Perl Counting Question

Discussion in 'Mac Programming' started by fivetoadsloth, Feb 3, 2011.

  1. fivetoadsloth macrumors 65816

    fivetoadsloth

    Joined:
    Aug 15, 2006
    #1
    I'm relatively new to this, so if anyone could help or direct me to a useful source that would be appreciated.

    I'm trying to read in a .txt file and then count the number of instances certain patterns occur, say 1.0, 2.0, 3.0, etc and then print out the number each occurred.


    I tried writing some code, but it's more of a jumble of things I found online and in a book then anything that actually makes sense.


    Thanks a lot!
     
  2. balamw Moderator

    balamw

    Staff Member

    Joined:
    Aug 16, 2005
    Location:
    New England
    #2
    If this is all you are doing and the pattern appears only once per line you can just use "grep -c".

    It would still help to see what you have tried so far. Can you post something that comes close?

    EDIT: does this help? http://www.rocketaware.com/perl/perlfaq4/How_can_I_count_the_number_of_oc.htm

    B
     
  3. lee1210 macrumors 68040

    lee1210

    Joined:
    Jan 10, 2005
    Location:
    Dallas, TX
    #3
    I guess I would think you could use split:
    Code:
    my @words = split(/[ ,.]+/,$line);
    then:
    Code:
    for each my $word (@words) {
      $counts{$word}++ if $matchList{$word};
    }
    where counts is a hash (%counts), and %matchList is a hash of the words to match.

    Then:

    Code:
    print "The counts are: \n";
    foreach my $key (keys %counts){
      print "$key : $counts{$key}\n";
    }
    You'd need to count each line, so that would have to be in a loop reading lines.

    If you give us some sample text, and a bit more verbose of a description we may be able to better guide you.

    -Lee
     
  4. fivetoadsloth thread starter macrumors 65816

    fivetoadsloth

    Joined:
    Aug 15, 2006
    #4
    Thanks a lot for your help.

    I'll try to post something in a bit. I actually saw that site but wasn't sure how to implement it in my case. If I had a text file like:

    1 0 1 1 1 0 0 1 1 0 1 0 1 1 1 0 0 0 0 0 0 0 1 0 1 1 1
    1 1 0 1 0 1 0 0 1 1 0 0 1 1 etc

    (This continues over many lines, not just one.)
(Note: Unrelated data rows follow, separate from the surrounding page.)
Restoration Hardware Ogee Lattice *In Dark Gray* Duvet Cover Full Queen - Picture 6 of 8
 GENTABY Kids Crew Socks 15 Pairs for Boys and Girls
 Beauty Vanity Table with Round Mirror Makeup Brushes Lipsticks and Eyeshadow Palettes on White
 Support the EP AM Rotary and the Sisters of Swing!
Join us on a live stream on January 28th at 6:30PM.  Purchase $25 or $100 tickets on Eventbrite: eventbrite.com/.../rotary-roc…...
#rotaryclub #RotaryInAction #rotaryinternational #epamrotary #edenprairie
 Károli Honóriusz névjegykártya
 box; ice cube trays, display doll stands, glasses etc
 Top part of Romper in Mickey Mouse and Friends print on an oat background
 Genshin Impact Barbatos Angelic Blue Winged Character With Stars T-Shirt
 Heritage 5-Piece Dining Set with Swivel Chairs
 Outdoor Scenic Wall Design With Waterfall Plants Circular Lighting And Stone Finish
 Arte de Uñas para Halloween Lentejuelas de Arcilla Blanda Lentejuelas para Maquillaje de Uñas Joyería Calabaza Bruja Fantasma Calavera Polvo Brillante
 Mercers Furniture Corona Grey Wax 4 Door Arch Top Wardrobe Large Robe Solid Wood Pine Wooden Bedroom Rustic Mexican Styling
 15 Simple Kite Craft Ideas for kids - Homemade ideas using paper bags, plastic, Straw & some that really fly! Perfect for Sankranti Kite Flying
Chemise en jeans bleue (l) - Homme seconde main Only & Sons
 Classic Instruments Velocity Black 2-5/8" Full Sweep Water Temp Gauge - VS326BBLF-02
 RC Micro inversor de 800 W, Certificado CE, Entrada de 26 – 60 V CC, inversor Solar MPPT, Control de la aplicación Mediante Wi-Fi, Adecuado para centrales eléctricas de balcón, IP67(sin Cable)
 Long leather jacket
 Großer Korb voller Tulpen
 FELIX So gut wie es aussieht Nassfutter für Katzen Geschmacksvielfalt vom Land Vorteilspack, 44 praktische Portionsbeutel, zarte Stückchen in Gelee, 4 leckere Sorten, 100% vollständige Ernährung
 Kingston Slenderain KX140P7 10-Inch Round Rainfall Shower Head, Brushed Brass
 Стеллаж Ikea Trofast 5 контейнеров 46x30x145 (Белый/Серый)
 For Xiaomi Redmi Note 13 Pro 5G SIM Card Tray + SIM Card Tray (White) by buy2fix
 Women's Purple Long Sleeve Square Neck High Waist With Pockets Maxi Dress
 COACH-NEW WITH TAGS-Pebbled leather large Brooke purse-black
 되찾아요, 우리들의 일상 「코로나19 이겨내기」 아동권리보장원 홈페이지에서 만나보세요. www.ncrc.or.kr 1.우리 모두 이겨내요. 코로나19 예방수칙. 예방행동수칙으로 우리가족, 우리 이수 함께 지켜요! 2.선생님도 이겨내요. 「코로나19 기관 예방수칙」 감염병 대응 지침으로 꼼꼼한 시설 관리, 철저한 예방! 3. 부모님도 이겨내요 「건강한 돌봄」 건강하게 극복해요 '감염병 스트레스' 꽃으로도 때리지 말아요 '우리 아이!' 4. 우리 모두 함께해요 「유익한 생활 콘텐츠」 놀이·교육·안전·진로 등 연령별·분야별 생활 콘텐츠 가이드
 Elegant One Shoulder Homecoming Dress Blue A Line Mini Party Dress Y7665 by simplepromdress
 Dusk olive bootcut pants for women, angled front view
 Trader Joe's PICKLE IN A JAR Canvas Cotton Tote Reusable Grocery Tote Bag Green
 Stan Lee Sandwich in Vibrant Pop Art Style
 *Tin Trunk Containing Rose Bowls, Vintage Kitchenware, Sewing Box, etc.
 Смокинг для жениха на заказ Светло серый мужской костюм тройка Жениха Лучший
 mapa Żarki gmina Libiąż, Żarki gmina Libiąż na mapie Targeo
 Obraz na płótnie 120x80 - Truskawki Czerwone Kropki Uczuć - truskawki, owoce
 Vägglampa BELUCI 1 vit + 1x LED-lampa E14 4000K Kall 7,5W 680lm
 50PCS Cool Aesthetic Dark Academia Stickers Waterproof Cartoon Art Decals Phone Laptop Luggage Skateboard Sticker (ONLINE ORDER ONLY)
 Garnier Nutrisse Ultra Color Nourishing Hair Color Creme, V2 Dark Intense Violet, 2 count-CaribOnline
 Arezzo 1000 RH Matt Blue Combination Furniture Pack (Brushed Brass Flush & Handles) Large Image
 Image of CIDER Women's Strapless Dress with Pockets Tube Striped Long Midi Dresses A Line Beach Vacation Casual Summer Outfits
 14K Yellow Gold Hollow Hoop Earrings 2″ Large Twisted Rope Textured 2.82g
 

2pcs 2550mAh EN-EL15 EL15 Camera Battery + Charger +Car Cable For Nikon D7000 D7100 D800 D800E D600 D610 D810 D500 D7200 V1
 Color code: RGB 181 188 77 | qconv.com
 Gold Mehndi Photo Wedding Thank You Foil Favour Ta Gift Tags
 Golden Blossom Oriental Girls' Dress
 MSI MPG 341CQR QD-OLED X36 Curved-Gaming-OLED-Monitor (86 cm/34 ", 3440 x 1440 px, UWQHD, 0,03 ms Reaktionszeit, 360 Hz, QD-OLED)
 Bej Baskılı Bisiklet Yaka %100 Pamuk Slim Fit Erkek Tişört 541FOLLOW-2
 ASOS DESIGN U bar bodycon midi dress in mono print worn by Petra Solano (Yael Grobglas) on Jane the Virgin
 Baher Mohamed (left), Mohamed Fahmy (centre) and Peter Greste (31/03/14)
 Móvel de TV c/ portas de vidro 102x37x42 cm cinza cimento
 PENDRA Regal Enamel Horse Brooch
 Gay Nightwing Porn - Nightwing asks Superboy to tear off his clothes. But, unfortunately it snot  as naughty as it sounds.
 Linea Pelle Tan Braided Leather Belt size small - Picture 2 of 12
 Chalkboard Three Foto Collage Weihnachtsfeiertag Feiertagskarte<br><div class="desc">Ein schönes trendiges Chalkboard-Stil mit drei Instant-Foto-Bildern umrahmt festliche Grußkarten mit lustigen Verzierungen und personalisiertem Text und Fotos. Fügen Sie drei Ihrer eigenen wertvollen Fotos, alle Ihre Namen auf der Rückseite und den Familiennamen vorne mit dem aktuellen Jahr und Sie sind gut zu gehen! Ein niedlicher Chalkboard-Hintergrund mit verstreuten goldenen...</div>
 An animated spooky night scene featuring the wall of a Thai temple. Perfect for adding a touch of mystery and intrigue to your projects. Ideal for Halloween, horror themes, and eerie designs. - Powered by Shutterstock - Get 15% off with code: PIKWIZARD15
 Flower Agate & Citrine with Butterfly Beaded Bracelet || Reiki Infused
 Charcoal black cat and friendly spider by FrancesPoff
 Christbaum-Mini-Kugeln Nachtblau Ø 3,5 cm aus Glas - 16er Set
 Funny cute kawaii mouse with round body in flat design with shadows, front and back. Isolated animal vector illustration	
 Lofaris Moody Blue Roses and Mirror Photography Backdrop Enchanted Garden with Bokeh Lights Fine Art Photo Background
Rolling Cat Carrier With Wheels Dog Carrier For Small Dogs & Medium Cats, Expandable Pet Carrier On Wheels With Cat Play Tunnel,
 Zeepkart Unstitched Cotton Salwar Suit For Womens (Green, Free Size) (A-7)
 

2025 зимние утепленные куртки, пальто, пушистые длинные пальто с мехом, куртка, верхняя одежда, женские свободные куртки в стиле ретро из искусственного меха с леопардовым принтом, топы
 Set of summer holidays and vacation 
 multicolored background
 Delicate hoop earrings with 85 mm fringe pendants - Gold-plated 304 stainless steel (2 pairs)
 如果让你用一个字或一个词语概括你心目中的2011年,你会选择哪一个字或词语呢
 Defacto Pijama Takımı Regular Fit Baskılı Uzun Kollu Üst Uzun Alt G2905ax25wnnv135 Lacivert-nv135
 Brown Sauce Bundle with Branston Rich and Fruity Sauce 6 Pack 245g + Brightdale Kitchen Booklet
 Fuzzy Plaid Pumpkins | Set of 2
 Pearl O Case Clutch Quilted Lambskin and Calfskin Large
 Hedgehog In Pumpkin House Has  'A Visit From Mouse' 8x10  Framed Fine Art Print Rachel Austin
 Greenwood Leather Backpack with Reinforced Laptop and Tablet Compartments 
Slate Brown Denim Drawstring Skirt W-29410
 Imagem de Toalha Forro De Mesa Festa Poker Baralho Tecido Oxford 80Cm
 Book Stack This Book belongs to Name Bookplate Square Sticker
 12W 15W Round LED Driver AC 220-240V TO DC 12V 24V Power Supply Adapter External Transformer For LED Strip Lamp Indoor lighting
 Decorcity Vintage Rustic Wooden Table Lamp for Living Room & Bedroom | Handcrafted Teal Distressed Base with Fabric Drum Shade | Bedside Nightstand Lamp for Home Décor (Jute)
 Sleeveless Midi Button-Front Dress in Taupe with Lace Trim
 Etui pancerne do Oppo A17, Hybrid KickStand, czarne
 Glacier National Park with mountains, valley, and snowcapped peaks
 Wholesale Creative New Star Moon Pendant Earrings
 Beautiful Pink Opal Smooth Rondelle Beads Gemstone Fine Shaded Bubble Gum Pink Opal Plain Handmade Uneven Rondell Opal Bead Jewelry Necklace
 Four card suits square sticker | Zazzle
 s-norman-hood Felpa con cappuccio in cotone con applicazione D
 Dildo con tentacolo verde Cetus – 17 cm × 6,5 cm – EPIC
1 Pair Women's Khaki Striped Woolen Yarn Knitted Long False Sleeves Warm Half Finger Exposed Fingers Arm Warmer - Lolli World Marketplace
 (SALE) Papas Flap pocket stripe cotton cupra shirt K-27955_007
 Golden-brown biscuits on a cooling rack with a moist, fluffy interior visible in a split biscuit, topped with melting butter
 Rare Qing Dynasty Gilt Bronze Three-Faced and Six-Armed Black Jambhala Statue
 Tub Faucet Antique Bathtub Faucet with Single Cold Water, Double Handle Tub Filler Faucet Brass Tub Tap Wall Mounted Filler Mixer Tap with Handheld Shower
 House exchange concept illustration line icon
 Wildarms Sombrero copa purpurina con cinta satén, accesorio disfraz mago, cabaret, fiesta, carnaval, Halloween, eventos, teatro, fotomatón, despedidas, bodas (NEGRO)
    I'd like to print the number of 0s and 1s.
     
  5. lee1210 macrumors 68040

    lee1210

    Joined:
    Jan 10, 2005
    Location:
    Dallas, TX
    #5
    This is quick and dirty, and surely someone more adept at perl could do it in one line, but:
    Code:
    #!/usr/bin/perl
    open (FILE, "oneszeros.txt");
    
    my %counts;
    while ($line = <FILE>) {
    	chomp($line);
    	my @words = split(/ /,$line);
    	foreach my $word (@words) {
    		$counts{$word}++;
    	}	
    }
    
    foreach my $key (keys %counts) {
    	print "$key : $counts{$key}\n";
    }
    
    close(FILE);
    
    This assumes that you have a file oneszeros.txt.

    -Lee
     
  6. ChrisA macrumors G4

    Joined:
    Jan 5, 2006
    Location:
    Redondo Beach, California
    #6
    In Perl this is easy. I will not write it for you but you can code for this outline:

    0) The main data structure will be a "hash". The hash key as are the words you find in the input file. The "value" associated with each hash is the count of the number of time you've seen the word

    Hint: interesting Perl syntax might look like this
    my %wordlist;
    $wordlist{ $word } += 1;
    print $word was seen $wordlist{ $word } times so far;

    This is an outline
    1) open the file
    2) Read a line then :"split" the line into "words"
    3) for each word place it in the hash and increment the value in the hash. Note that assignment creates the hash if it is not there so don't test if it is already there.
    4) When you are all done simply print the hash table. Maybe sort by value so most frequent word are first.
     
  7. balamw Moderator

    balamw

    Staff Member

    Joined:
    Aug 16, 2005
    Location:
    New England
    #7
    Since the other two suggestions are word based, I figured I'd follow up on the site I linked using the character approach.

    Code:
    #!/usr/bin/perl
    
    $total = 0;
    while ($line = <>) {    
        $count = ($line =~ tr/1//);
        $total += $count;
    	}
    print "There are $total 1 charcters in the file\n";
    
    This requires your to provide the input on stdin i.e.

    Code:
    cat oneszeros.txt | ./countones.pl
    Not quite one line, but still readable and debuggable as $line and $count can be seen for each line.

    B
     
  8. dmi macrumors regular

    Joined:
    Dec 21, 2010
    #8
    What are the patterns you are trying to count?
    I don't see any 1.0, 2.0, 3.0, etc in the text file.
     
  9. dmi macrumors regular

    Joined:
    Dec 21, 2010
    #9
    If the pattern you are trying to count is "any string of non-white space characters separated by whitespace" then you might use something like
    perl -lne '$c{$_}++for/(\S+)/g;END{print "$_: $c{$_}" for keys %c}' file.txt
     
  10. fivetoadsloth thread starter macrumors 65816

    fivetoadsloth

    Joined:
    Aug 15, 2006
    #10
    I just used 0s and 1s for a quick example. THey could easily have been 0.0, 1.0, 2.0, etc. Sorry for any confusion!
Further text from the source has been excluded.